🤖 AI Summary
This work addresses the fundamental challenge of aligning AI systems with heterogeneous human preferences, departing from the conventional assumption of a single reward function. Method: We formally model preference heterogeneity and prove that the average reward is the optimal alignment objective for a single policy. We propose a direct policy optimization framework based on user-type modeling, design a novel loss function under information constraints, and conduct theoretical analyses of convergence and sample efficiency.

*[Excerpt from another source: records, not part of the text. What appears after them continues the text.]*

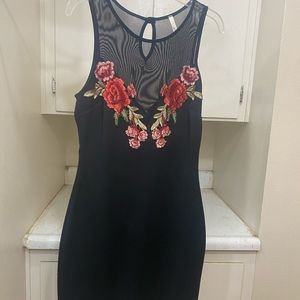 Bodycon shear back dress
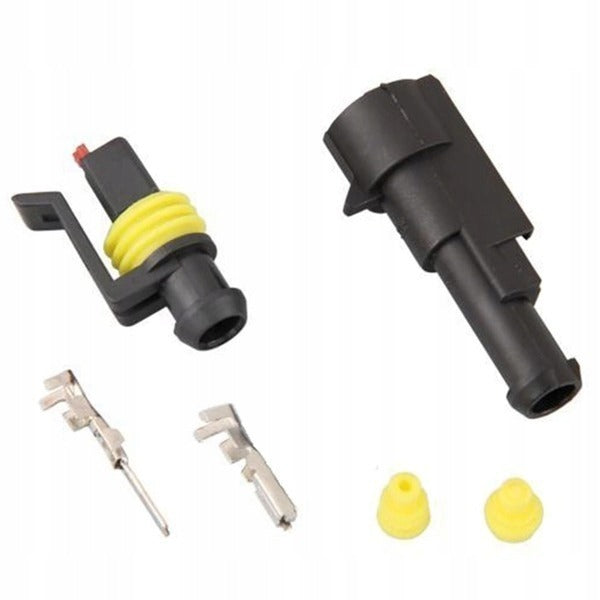 Connecteur hermétique - 12 à 24 volts - 1 broche étanche - IP67
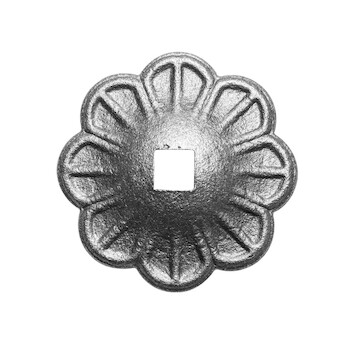 Ozdobná zákrytka pr.90mm otvor 14,5x14,5mm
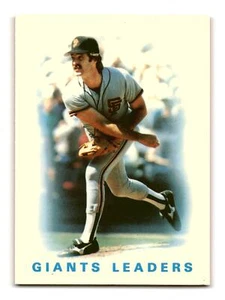 Giants Leaders 1986 Topps Tiffany #516 Print Run 5,125 San Francisco Giants Mint - Picture 1 of 2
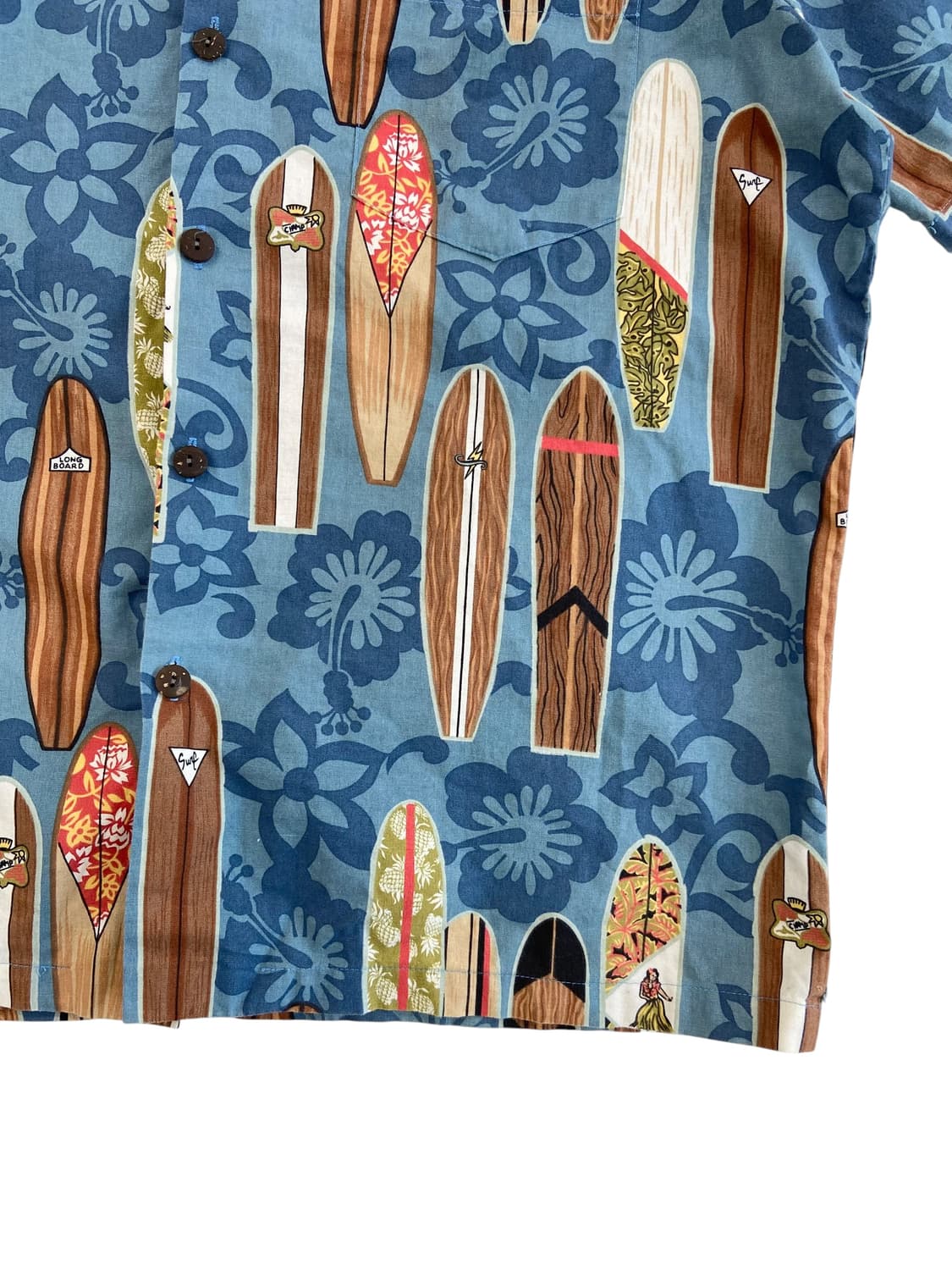 하와이안 Surfboard 알로하 셔츠 상품이미지4
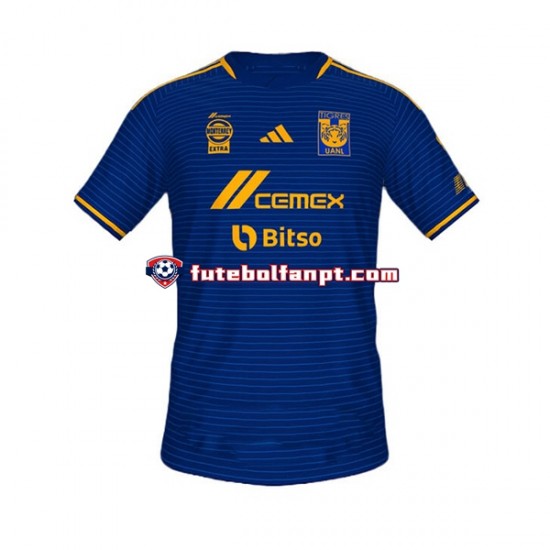 Camisola Alternativo Tigres UANL Época 2023/2024 Manga Curta ,Homem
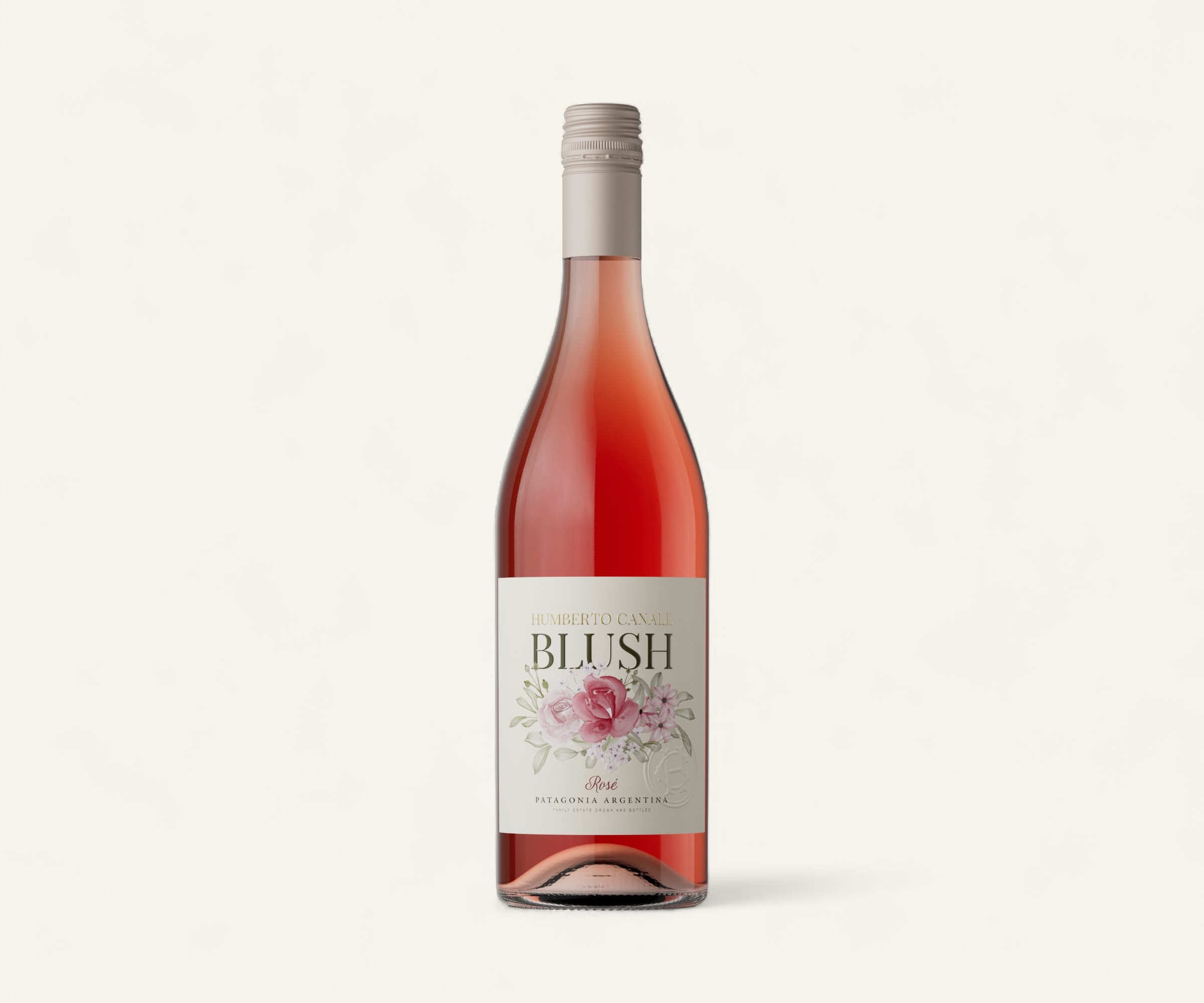 Vinho rosé argentino Blush varietal merlot Humberto Canale 750ml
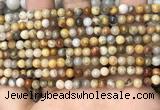 CAA4933 15.5 inches 4mm round yellow crazy lace agate beads wholesale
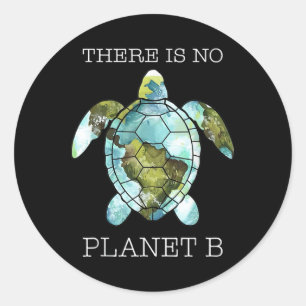 The Turtle There Is No Planet B Earth Day 2022 Classic Round Sticker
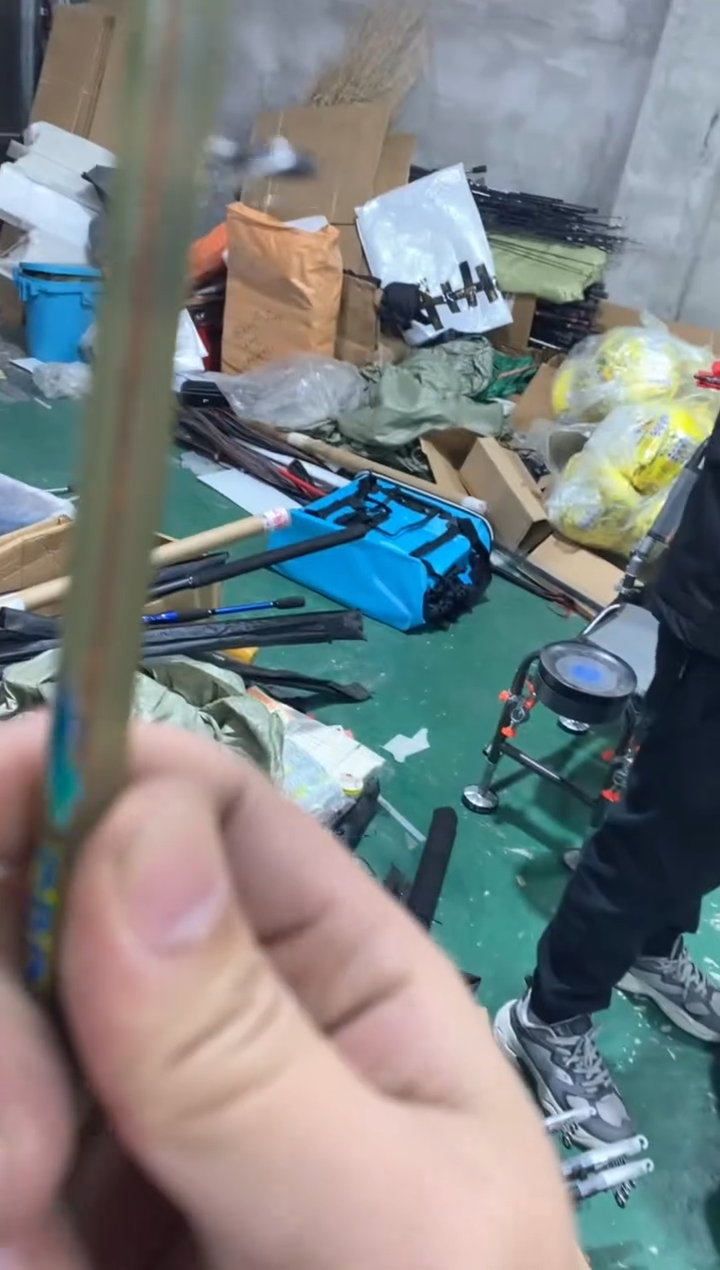 1.8米透明夹心船杆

Contributions/Results: (1) A fundamental trade-off exists between statistical consistency and sample efficiency in direct alignment; (2) First-order performance improvement is achievable using only minimal labeled feedback; (3) Consistent learning of the optimal policy is possible with full-type feedback, yet no direct loss function simultaneously achieves both consistency and sample efficiency. Our results establish a theoretical foundation and methodological paradigm for trustworthy alignment under preference heterogeneity.
📝 Abstract
Alignment with human preferences is commonly framed using a universal reward function, even though human preferences are inherently heterogeneous. We formalize this heterogeneity by introducing user types and examine the limits of the homogeneity assumption. We show that aligning to heterogeneous preferences with a single policy is best achieved using the average reward across user types. However, this requires additional information about annotators. We examine improvements under different information settings, focusing on direct alignment methods. We find that minimal information can yield first-order improvements, while full feedback from each user type leads to consistent learning of the optimal policy. Surprisingly, however, no sample-efficient consistent direct loss exists in this latter setting. These results reveal a fundamental tension between consistency and sample efficiency in direct policy alignment.